Solamon To Build Largest Solar Array in Central America

Several Nicaraguan sites to be developed as Solamon announces intention to develop largest solar array in the area.
  • (1888PressRelease) November 18, 2011 - Managua - Solamon Energy Corp. is proud to announce the company's intention to develop the largest solar array in Central America, comprising five locations across Nicaragua, delivering 100MW of new energy to the grid. Whether located on the east or west coast, once surveyed, each site chosen will be 50 acres and capable of generating 20MW of electricity; eventually also distributed to nearby countries, such as Costa Rica, Panama and Belize, through the SIEPAC network.

    Solamon executives, led by Corey Keegan, have been actively traversing the country over the past year and agree the availability of flat land adjacent to transmission lines is the critical factor in making the decision to pursue the mega-project in Nicaragua. The recently re-elected Sandinista government is committed to the viability of renewable energy and to dramatically decrease the country's dependence on oil imports within the next few years.

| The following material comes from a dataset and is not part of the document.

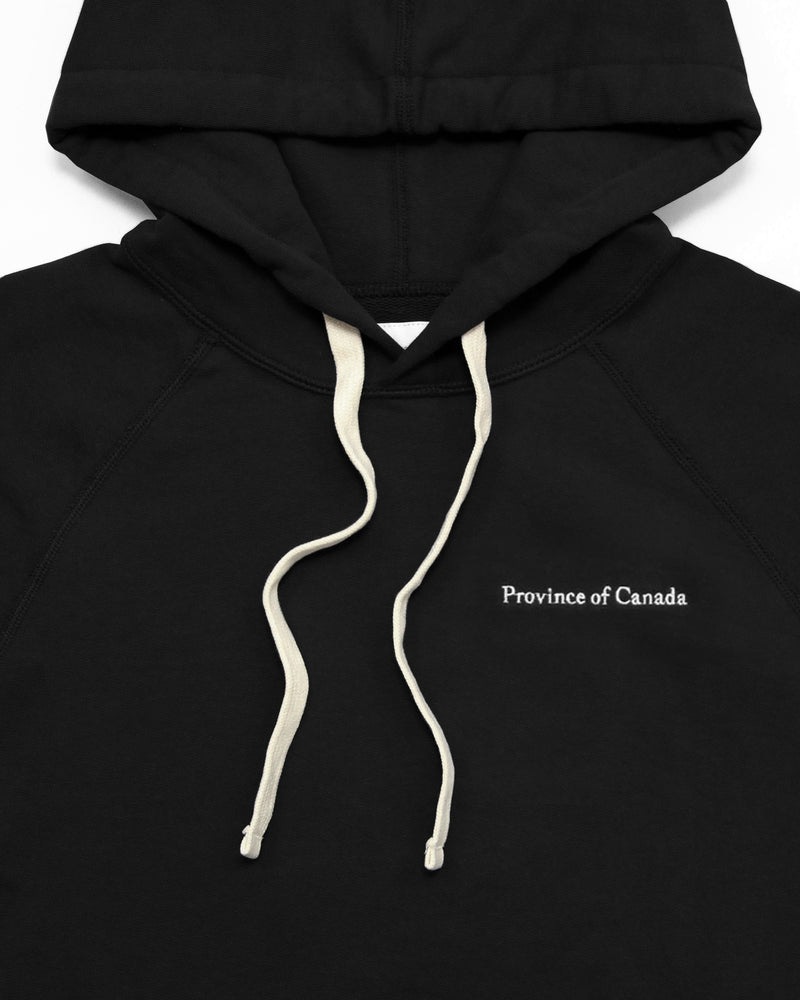 French Terry Hoodie Black - Unisex - Made in Canada - Province of Canada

    In confirming the company's interest in the region, Solamon CEO Graeme Boyce admits there are risks in the equation that are still being evaluated. The Nicaraguan capital of Managua has suffered two devastating earthquakes in recent memory (1931 and 1972), as well as a civil war, which ended in 1979, enabling the democratic country to move forward with modernization efforts, including the introduction of vital literacy and health programs for its people.

    The country is now experiencing economic growth and enjoys political stability. "We feel the country is well on its way to re-establishing itself as the region's most robust economy, and is especially welcoming foreign-led investment initiatives," says Boyce, who is currently touring the country with Keegan, meeting senior business leaders and regulatory officials. "We are aware of the obstacles ahead, yet we are certainly dealing with the right partners to ensure our success."

    Currently, there are no solar arrays in Central America, yet there are several rooftop installations. Over the next year, Keegan will continue to meet with Nicaraguans, investigate and propose ideal sites, and work with newspaper editors and television producers to deliver key messages in a timely manner.

    "We've been vigilant and have been watching Nicaragua with great interest since visiting Costa Rica several years ago," concludes Boyce. "We found Coast Rica to be eco-friendly but very expensive. Of course, Solamon will not be doing this project by ourselves and we'll rely on the expertise of others, including our partners at Glenn International, to build these large arrays."

    Solamon provides a fully managed solution called the Apollo Acre™, a turnkey process from beginning to end including site inspections, project design and development, as well as addressing requisite environmental and local permitting, 3rd party engineering, procurement and construction, as well as system testing and eventual commissioning, security and maintenance.

    In the Caribbean, Solamon typically offers a ground-mounted solar array of integrated photovoltaic cells over 5 acre packages of land. The company also designs and installs custom solutions with local partners to provide roof-mounted and parking lot systems that could be easily augmented by micro wind turbine technology.